[[ WORKING DATA open ]]

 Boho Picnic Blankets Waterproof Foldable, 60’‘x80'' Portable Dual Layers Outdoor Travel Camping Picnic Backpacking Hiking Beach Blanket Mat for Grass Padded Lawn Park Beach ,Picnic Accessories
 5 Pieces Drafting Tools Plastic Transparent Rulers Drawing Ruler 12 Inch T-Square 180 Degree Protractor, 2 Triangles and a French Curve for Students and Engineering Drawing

[[ WORKING DATA closed ]]
[[ WORKING DATA open ]]

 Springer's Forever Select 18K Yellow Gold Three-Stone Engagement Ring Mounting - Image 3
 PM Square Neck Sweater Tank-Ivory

[[ WORKING DATA closed ]]

ASSIGNMENT => Only lines with the word "Square" count here; copy every one from the records.

REPLY TO THE TASK =>
 5 Pieces Drafting Tools Plastic Transparent Rulers Drawing Ruler 12 Inch T-Square 180 Degree Protractor, 2 Triangles and a French Curve for Students and Engineering Drawing
 PM Square Neck Sweater Tank-Ivory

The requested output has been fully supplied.